Earlier this year the FCA issued consultation proposals (CP21/10) on changes to aspects of the Listing Rules that apply to special purpose acquisition companies (SPACs). A SPAC is a type of company formed to raise money from investors, which it then uses to acquire another operating business. The proposed changes were designed to provide an alternative approach for SPACs that must otherwise provide detailed information about a proposed target to the market to avoid its listing being suspended.

Following the closure of the consultation at the end of May, the FCA has now issued a policy statement (PS21/10) setting out new rules and guidance that will come into force on 10 August 2021.

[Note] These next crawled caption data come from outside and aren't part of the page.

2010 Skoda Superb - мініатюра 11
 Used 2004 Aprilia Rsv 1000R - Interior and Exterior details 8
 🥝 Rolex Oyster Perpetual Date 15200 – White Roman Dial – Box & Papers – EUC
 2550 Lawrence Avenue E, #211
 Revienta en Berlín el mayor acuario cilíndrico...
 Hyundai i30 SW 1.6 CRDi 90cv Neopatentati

In the policy statement the FCA reports that the main changes it has made to its original proposals in response to the consultation feedback, where a SPAC wishes to avoid suspension, are to:

  • Lower the minimum amount a SPAC would need to raise at initial listing from £200m to £100m.
  • Introduce an option to extend the proposed 2-year time-limited operating period (or 3 year period if extended with shareholder approval) by 6 months, without the need to get shareholder approval. The additional 6 months will only be available in limited circumstances and is intended to provide more time for a SPAC to conclude a reverse takeover where a transaction is well-advanced.
  • Modify the FCA’s supervisory approach to provide more comfort prior to admission to listing that an issuer is within the guidance which dis-applies the presumption of suspension, rather than only at the point of an announcement.

Other than the above the FCA states that it is implementing its consultation proposals largely unchanged, with minor modifications to provide further clarity and regulatory certainty.